Work request: Please repeat, exactly as written, the line containing "Gym Bag for" and every line after it through the end of the records below, leaving out any pictures.

Data shown: Begin

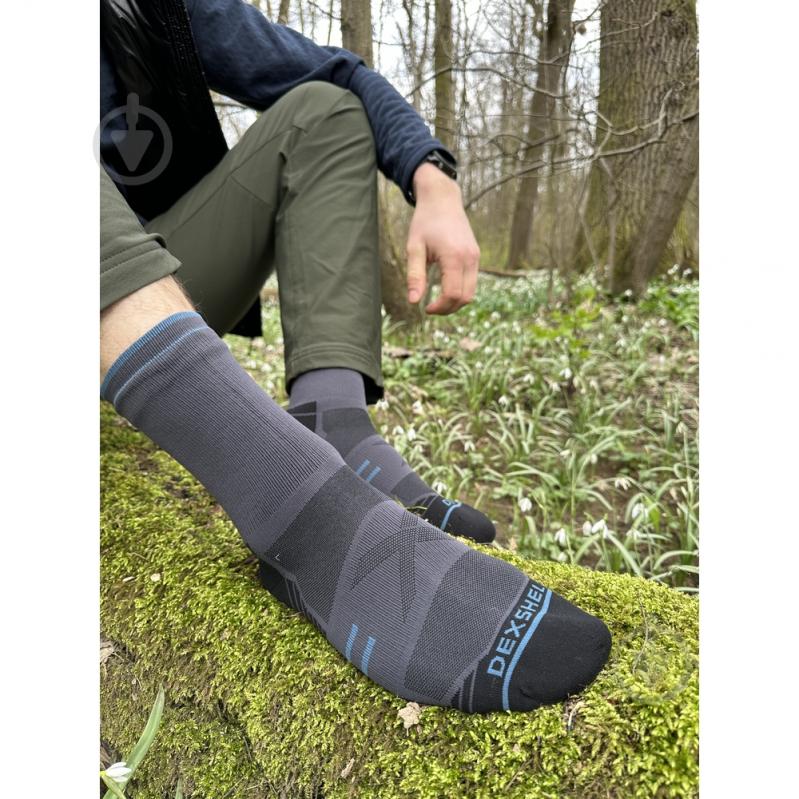 Шкарпетки Dexshell Running Lite 2.0 Socks, сірі, розмір S DS20610TLG2.0-S р.36-38 1 шт. - фото 4 Шкарпетки Dexshell Running Lite 2.0 Socks, сірі, розмір S DS20610TLG2.0-S р.36-38 1 шт. - фото 4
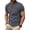 Gray, variant on Yungyresw Mens Polo Shirt Short Sleeve Henley Collar Shirt Contrast Color Trim Pocket Polos for Summer Tops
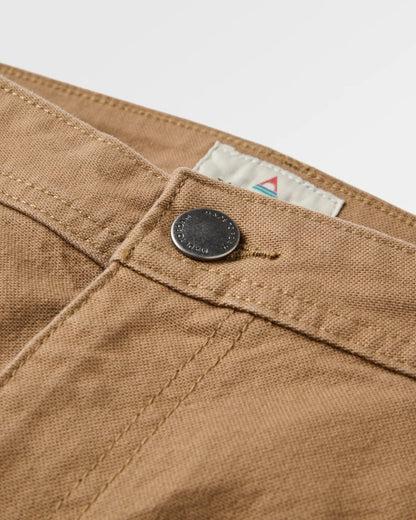 Vantage Cotton Canvas Trouser - Caramel - Flatlay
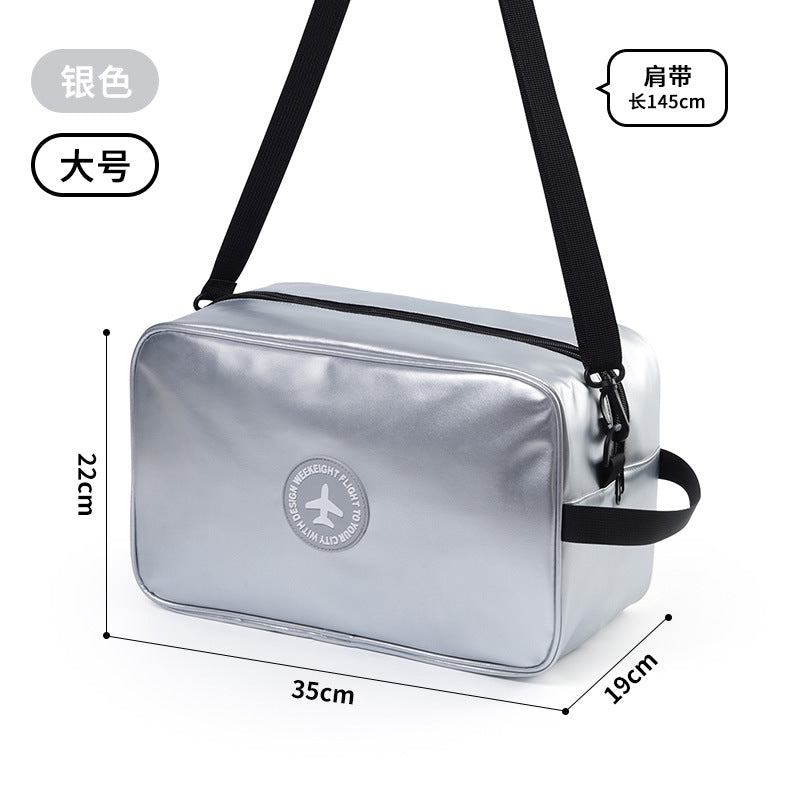 Gym Bag for Women/Men, Travel Duffle Bag Carry On Weekender Bag with Shoe Compartment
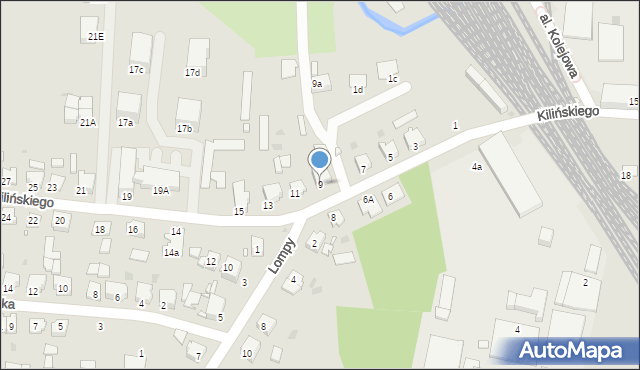 Kluczbork, Kilińskiego Jana, płk., 9, mapa Kluczbork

Data shown: End

Task response:
 Gym Bag for Women/Men, Travel Duffle Bag Carry On Weekender Bag with Shoe Compartment
 Kluczbork, Kilińskiego Jana, płk., 9, mapa Kluczbork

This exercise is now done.